Verdoia maintains that local programs produced by KUED have become a staple for the Utah viewing market. “The production of documentaries exploring the past, present, and future of the American West has virtually stopped in Utah, save for KUED and public television.”

Public television has also allowed him the freedom he needs to create and produce. “I’m sure that I’ve made leaders of the University groan, at times, with a project, report, or program that may have ruffled some feathers,” he says. “But I have never had anyone in a responsible role at KUED or any other part of the University attempt to censor or control my work. If you want a living, breathing example of intellectual freedom, I offer myself as Exhibit A.”

Verdoia has also developed a career within a career, becoming known as one of the top media training experts in the country. His clients include athletes, coaches, and teams at the University of Utah and in Major League Baseball, the National Football League, and the National Basketball Association.

Verdoia’s media training experience began while he was still working at KTVX. “I got an invitation from a public relations firm that wanted a reporter to come and talk to a group of business executives about what it’s like to be interviewed to help them understand the most effective ways to carry across their point of view,” he says. “So I went and did this for the first time, and what I found was that not only did the executives not know the best way to communicate, but this advertising agency, to which they were paying hundreds of thousands of dollars, did not know the most effective way to communicate through the media, either.”

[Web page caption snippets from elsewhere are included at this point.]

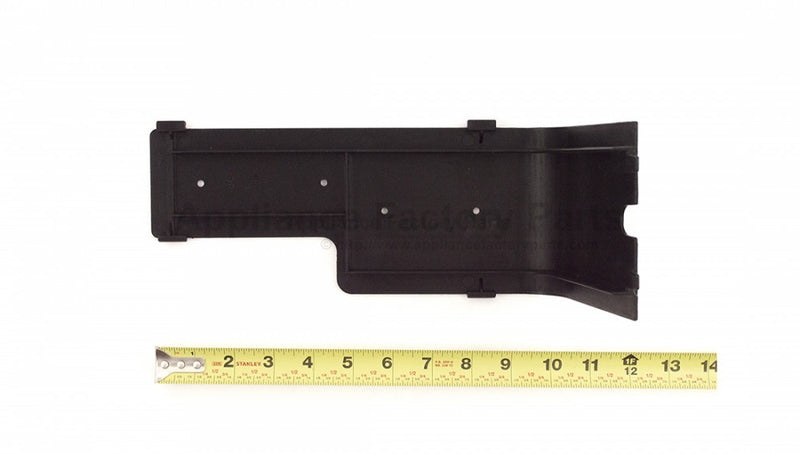 SPST8934N Gearshifter Cover for Polaris Ranger RZR Black Replacement Part Magic Cars 1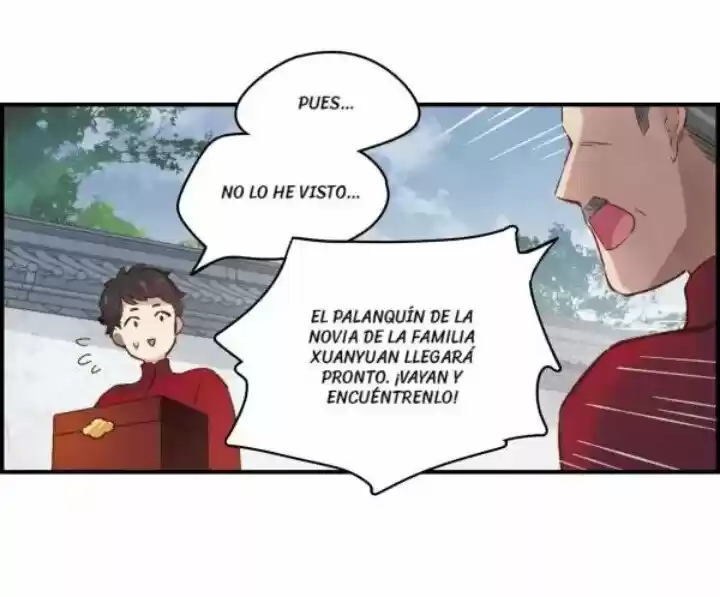 La Novia Cazademonios - Capítulo 1 - Página 10 - LectorTMOo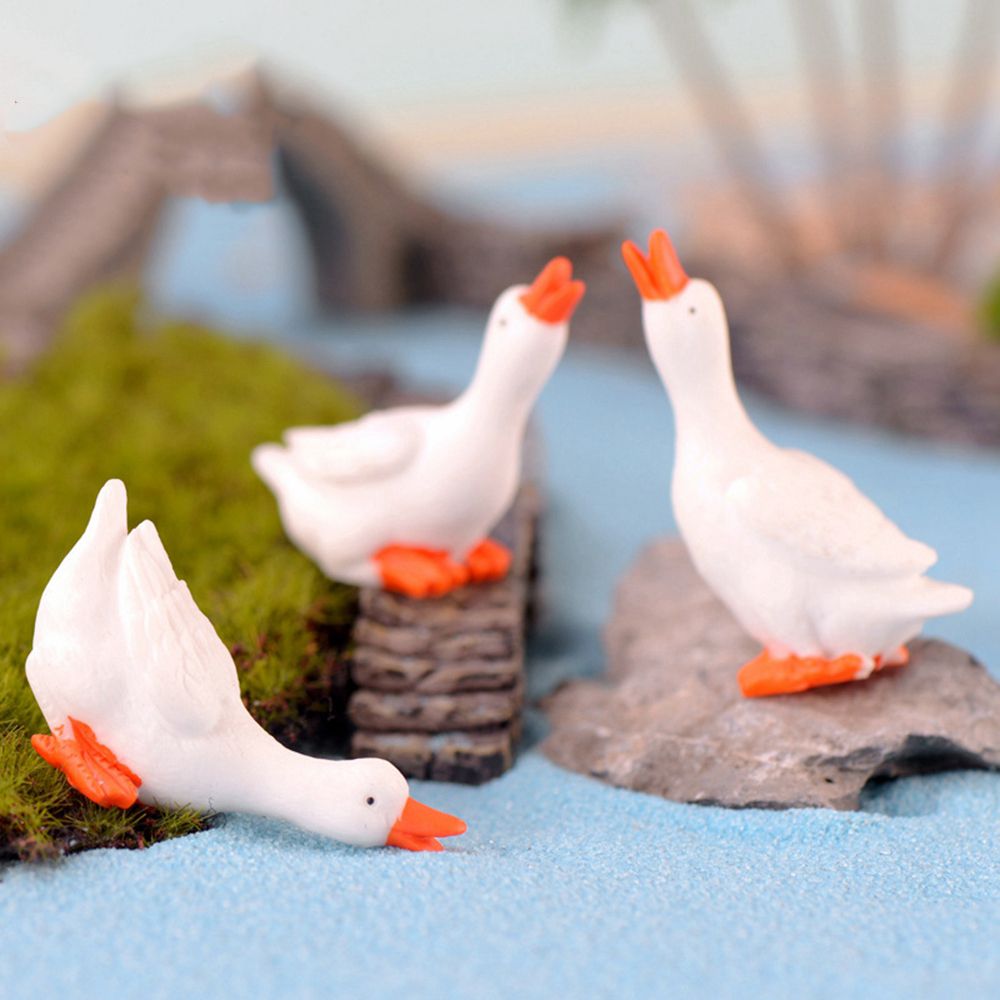Decor Resin Fairy Garden Acces - Bonsai Garden China recensione e prezzo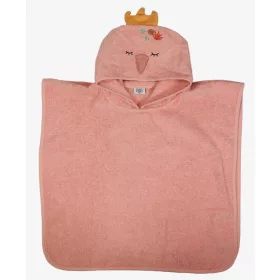 Blush & Blossom Hattyús poncsó 1-2 éveseknek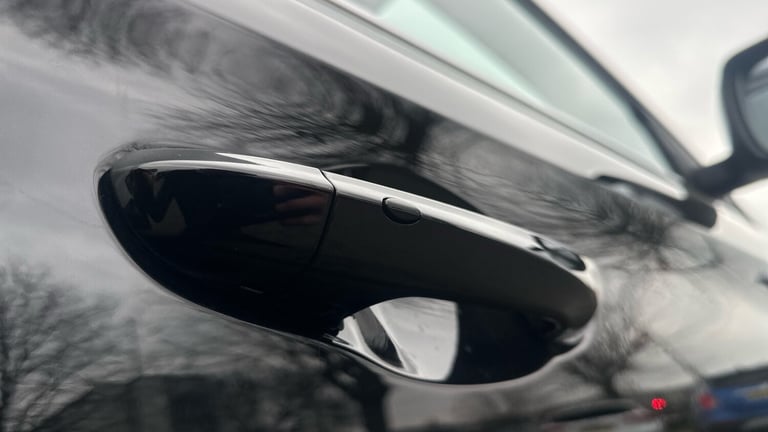 2024 MG ZS Hybrid Trophy 1.5 Hybrid Hybrid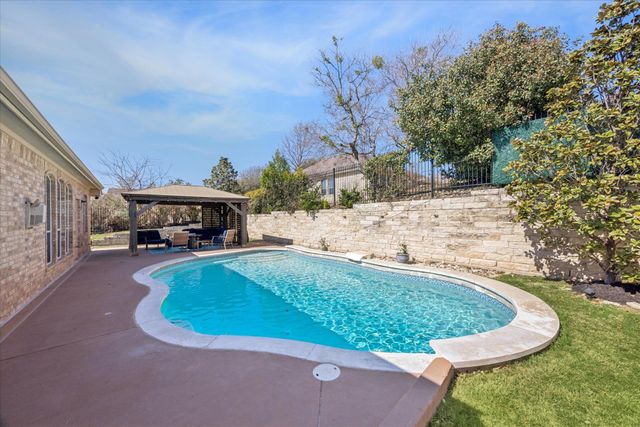 2309 First VW, Leander, TX 78641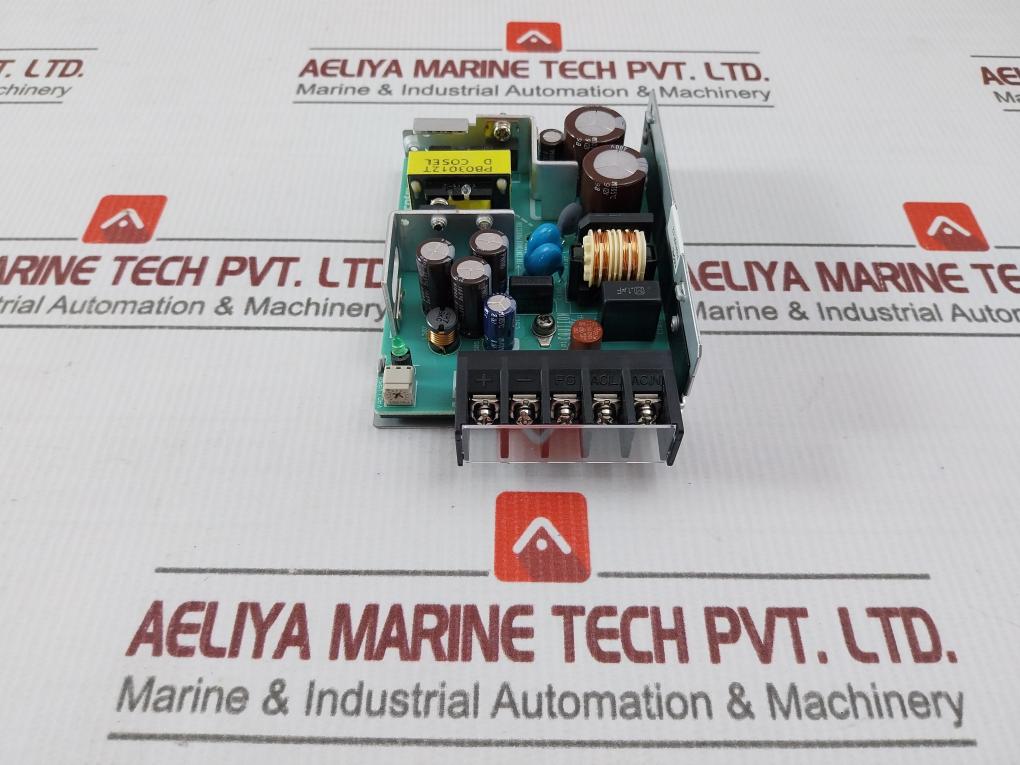 Cosel Pba30F-12 Switching Power Supply Pb03012T D 12 Vdc 2.5A 50-60Hz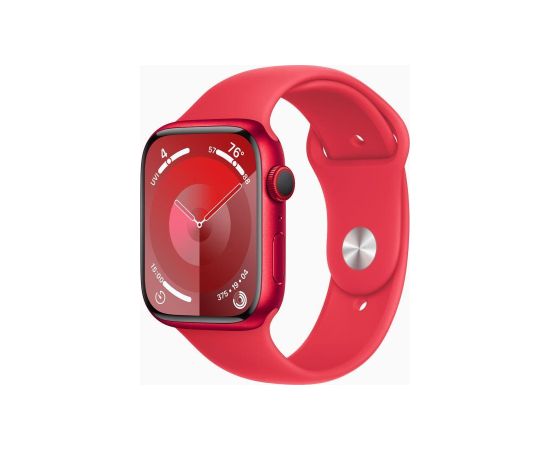 Apple Watch Series 9 GPS 45mm (PRODUCT)RED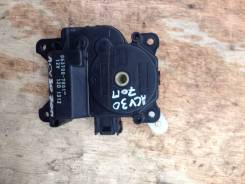 Сервопривод заслонок печки. Toyota Windom, MCV30 Toyota Kluger V, MCU25, ACU20, MCU20, ACU25 Toyota Pronard, MCX20 Toyota Camry, ACV35, MCV30, ACV31...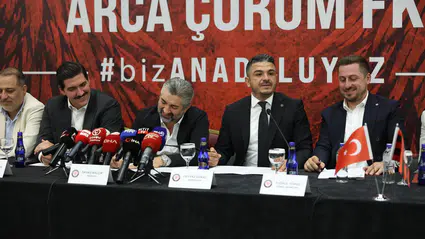 Gökel’den Çorum’a: Balçık’ın Yükünü Hafifletmeliyiz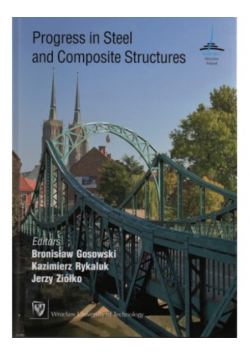 Progress in steel and composite structures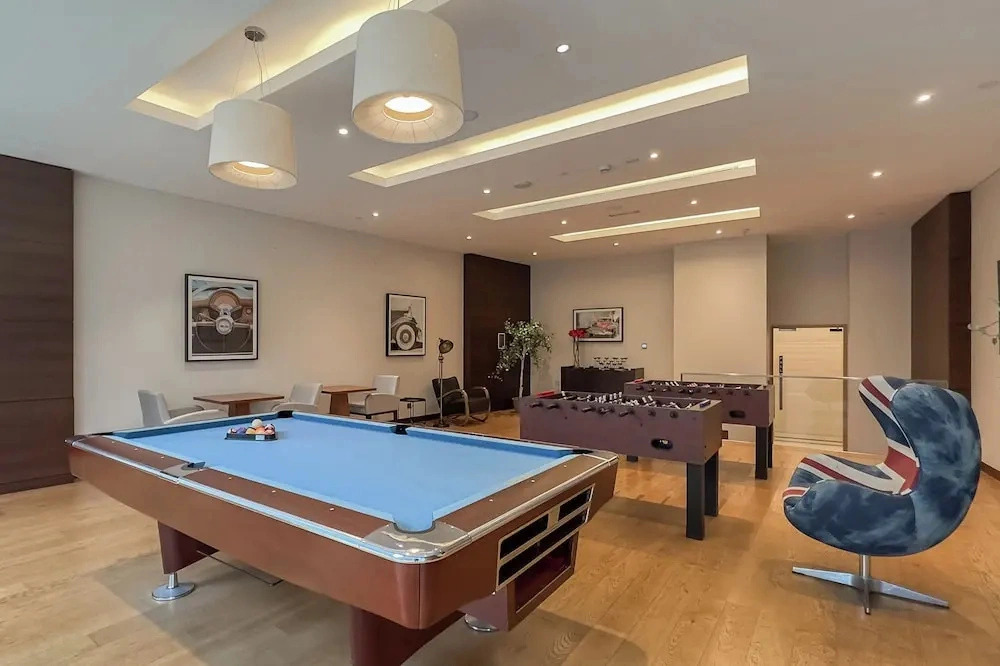 Prime 2BR in Damac Heights Marina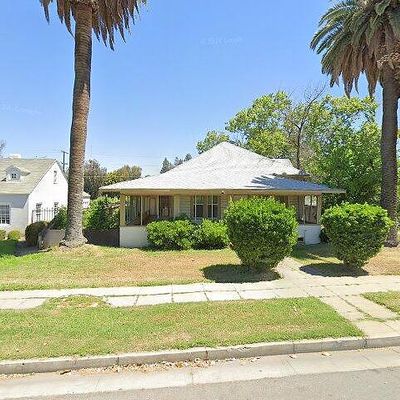 125 S I St, Madera, CA 93637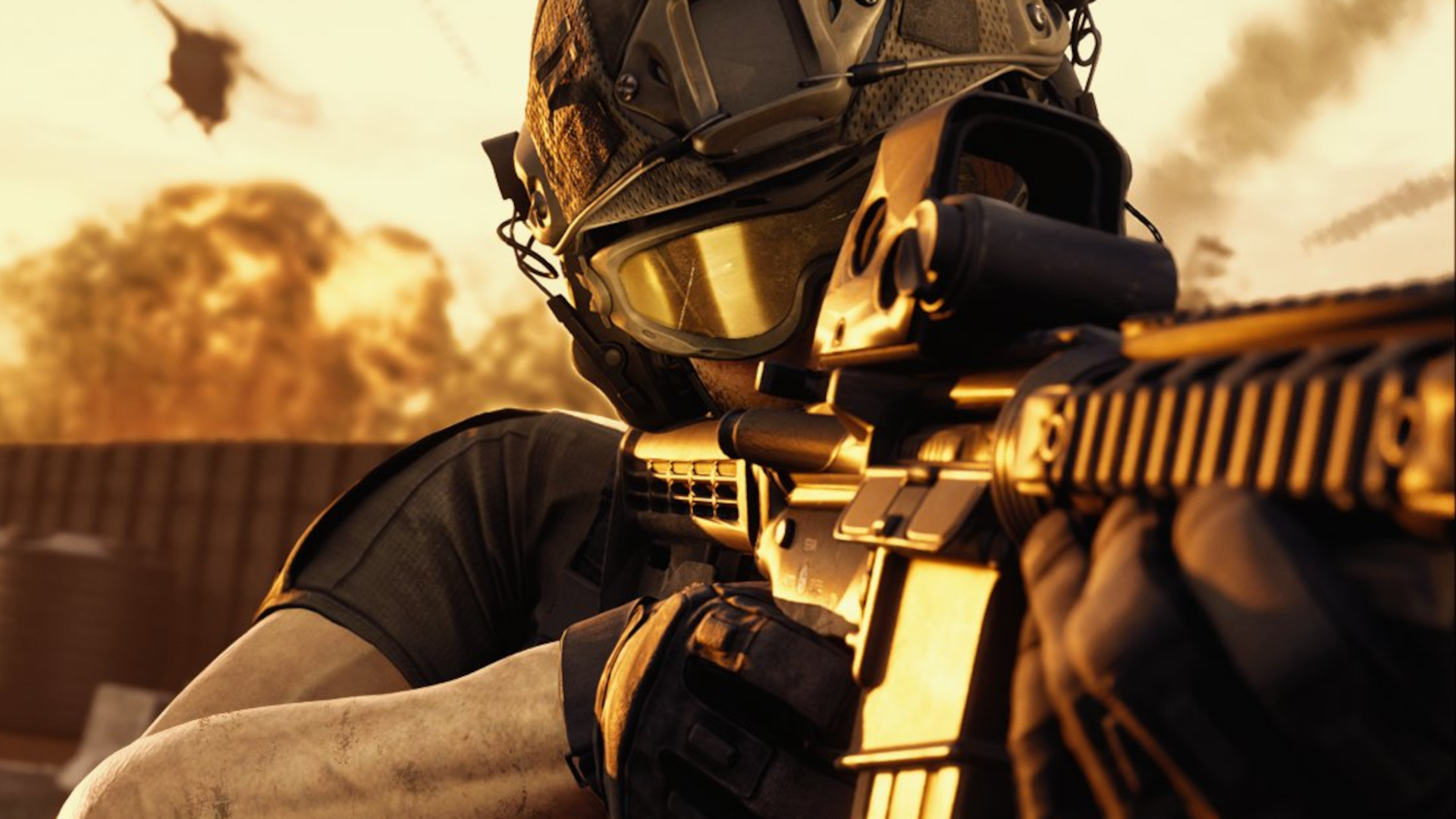 Believe the hype for Wardogs, possibly the next great multiplayer FPS | PC Gamer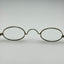 Unbranded Vintage Silver Eyeglasses Eye Glasses Frames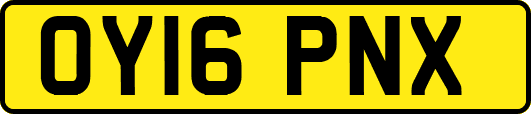 OY16PNX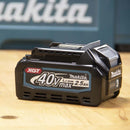 Makita BL4025 Li-ion Battery XGT ® for 40V max tools 2,5 Ah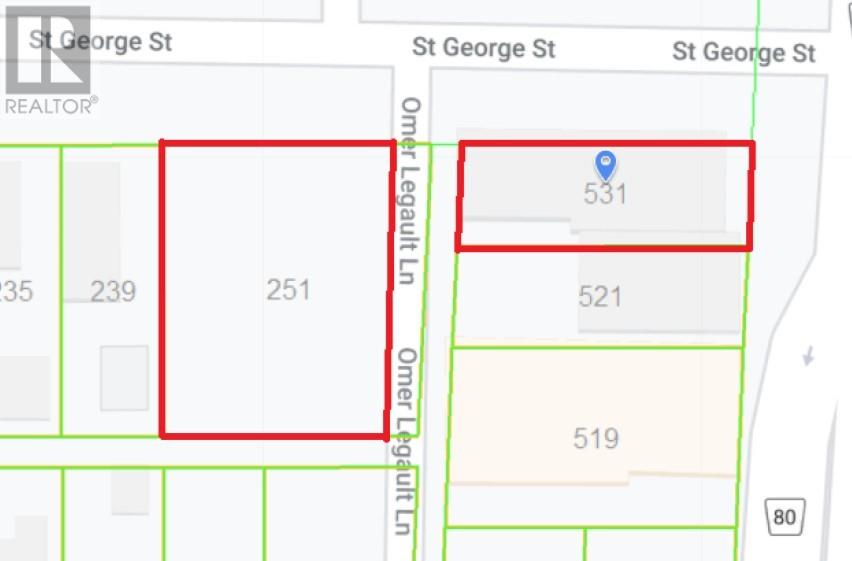 531 Notre Dame Avenue — photo 39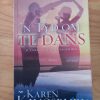 `n Tyd om te dans - Karen Kingsbury 2001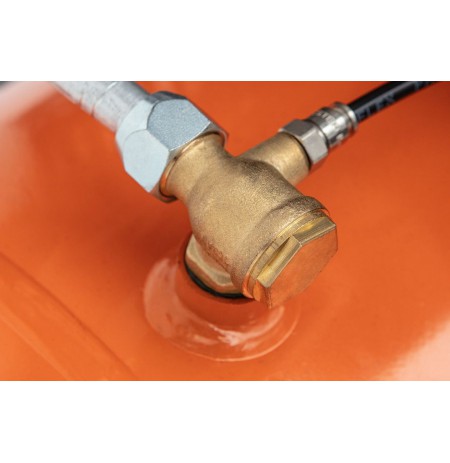 Compressor oil 100l, 230V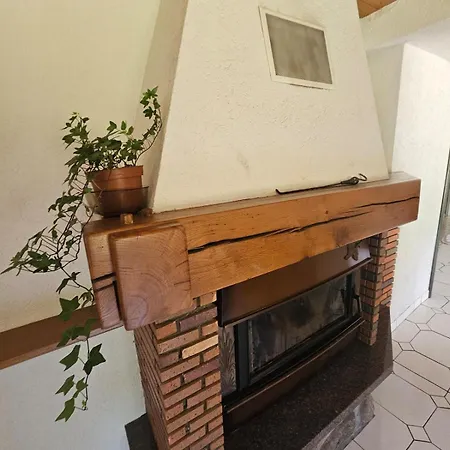 Appartement Le Chant De La Rivière *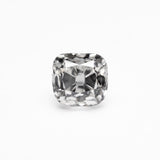 1.14ct 5.96x5.72x4.14mm SI1 I Modern Antique Old Mine Cut 27130-07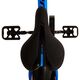 Volare Rocky Kinderfiets - Jongens - 12 inch - Blauw
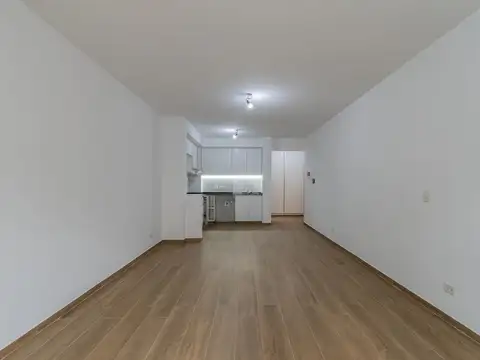 Departamento en Alquiler de Monoambiente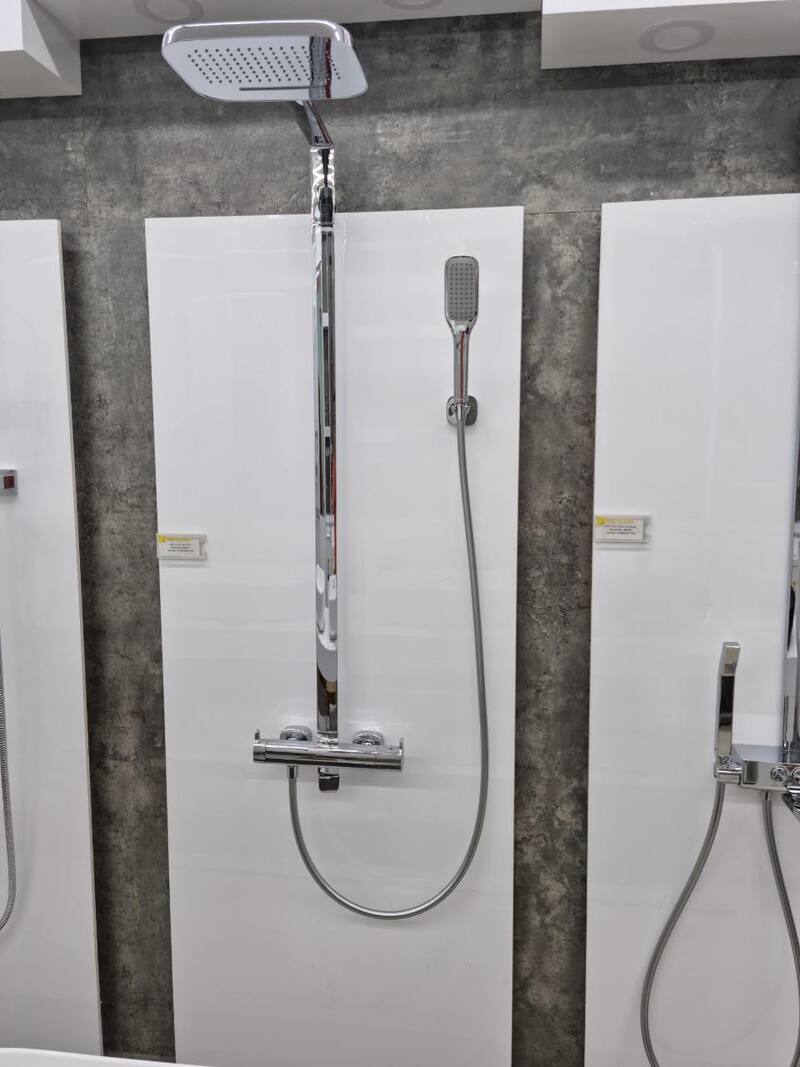 Ghi điểm với khách hàng bởi thiết kế sang trọng, sản phẩm chắc chắn là lựa chọn hàng đầu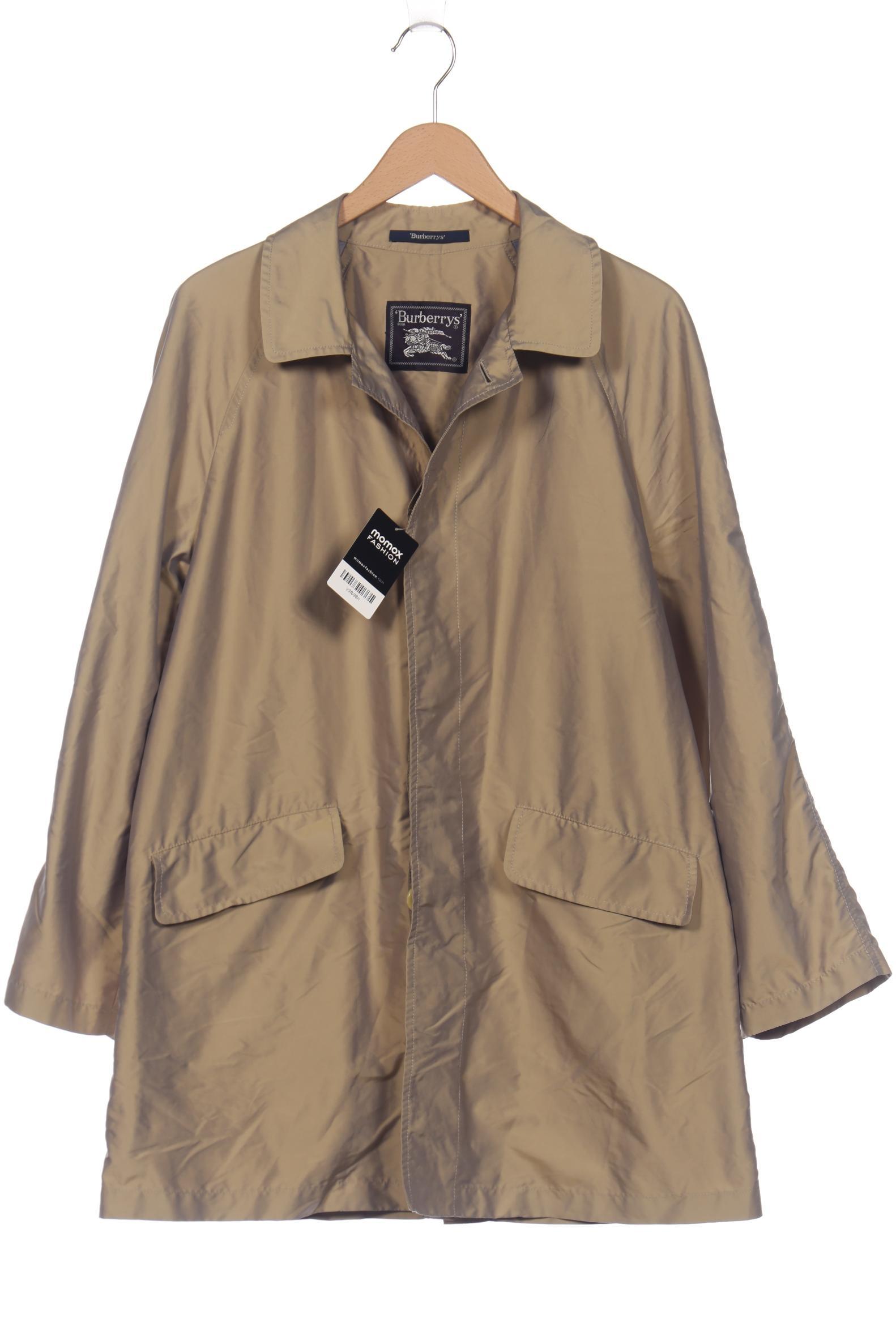

Burberry Herren Jacke, beige, Gr. 54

Verdoia’s Ute clients have included football stars Alex Smith BS’04 and Morgan Scalley BA’04, among many others. “These types of young athletes, the finest quality of human beings, are who you want to represent your university,” says Verdoia. “We are trying to help these young men and women who come to the University of Utah to recognize that the way they communicate is how they are going to be judged for the 80 percent of their life that remains.”

Verdoia is now the director of production at KUED, mentoring young producers to help them turn out quality, award-winning documentaries—just as he has done for the past 25 years.

He admits that he misses the hands-on work. “The hard part is standing on the loading dock, watching the producers and crews leave to do their work. I do miss the excitement of traveling this state—and the world, for that matter—meeting people and listening to their stories and opinions.”

But now as director of production, Verdoia is helping to mold a new generation of journalists in their quest to tell stories and ask tough questions. And if any should ask the best way to navigate an arid stretch of desert choked with mesquite and cactus, while hefting a video camera, Verdoia can probably help them with that, too.

—Bruce Woodbury BS’72 is director of community relations for the University of Utah Athletics Department. He will retire July 2007 after 35 years with the U.